When used correctly, it plays a crucial part in an athlete’s diet. Follow these guidelines to stay on track.
We all know that eating too much sugar can lead to serious and often grave long-term health effects. But, you might wonder, is there a healthy way I can incorporate it into my diet? We asked three experts for their advice on how to put the sweet stuff to good use.
Look at the Entire Nutritional Profile of Your Meal
The Expert: Nancy Clark, Boston sports nutritionist and author of Nancy Clark’s Sports Nutrition Guidebook
This means you can loosen up with so-called hidden sources of sugar and pay closer attention to the foods you’re eating alongside them. Take salad dressing, for example. “Rather than focusing on the sugar in the dressing, I would look at the nutrients in the vegetables and the leafy greens,” Clark says. In other words, nixing sugar without giving thought to what goes with it can cause you to miss out on important nutrients. Another example: orange juice. Once considered a breakfast essential, it was quickly phased out when sugar became a topic of concern, says Clark. Half a cup of orange juice is 66 calories and contains 11 grams of sugar, but it also contains your entire daily allowance of vitamin C. Few people consciously seek out vitamin C elsewhere, which can lead to deficiency, Clark cautions.
Focus on Real Foods
The Expert: Adena Neglia, former competitive figure skater who specializes in sports nutrition at Brown and Medina Nutrition in New York City
“If you eat mostly whole foods, limit processed ones and sugary drinks, and try to balance your meals with complex carbohydrates, lean proteins, and healthy fats, then it’s unlikely you will have to worry about your sugar intake,” Neglia says. Rather than falling for “diet” foods that just masquerade as healthy, opt for the real stuff. Pick full-fat yogurts topped with real berries and rolled oats rather than fruit-on-the-bottom alternatives, and beware of “healthier sugars” like agave, beet sugar, tapioca syrup, or even honey and maple syrup. There’s no nutritional advantage to those added sugars over white, processed table sugar, she says. But many processed foods are loaded with these so-called “natural” alternatives to make them taste better and to appear to consumers as a healthier choice.
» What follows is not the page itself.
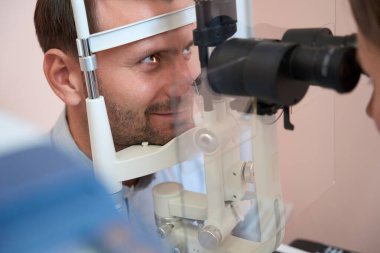 Yakından bakıldığında yakışıklı beyaz adamın portresi kesikli lamba içinde görüntü kontrolü yaparken yukarı bakıyor.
Deploy It at the Right Time
The Expert: Allen Tran, dietician for the U.S. Ski and Snowboard Association
For top athletic performance, sugar is a must. But, cautions Tran, “dose matters, and each sport differs in its demands on the body.” Endurance athletes may need more carbs than power athletes, who specialize in all-out sprints. And you can game your sugar intake so it releases quickly or slowly, depending on when you need it.
Here’s what Allen recommends for optimal performance.
More than 45 minutes before a race: Have a nut-butter and jelly sandwich, a power bar, or a fruit yogurt.
Immediately before: Throw back a shot block, gel, or gulp of sports drink, or have a small piece of fresh fruit, such as pineapple, apple, or banana.
Midrace: Stick with things that digest quickly, like shot blocks and sports drinks. (Gummy bears are also popular.)
Post-race: For recovery, aim for a combo of carbs and protein, such as chocolate milk, a peanut butter sandwich, a hard-boiled egg with crackers, string cheese and pretzels, or a fruit and protein-powder smoothie.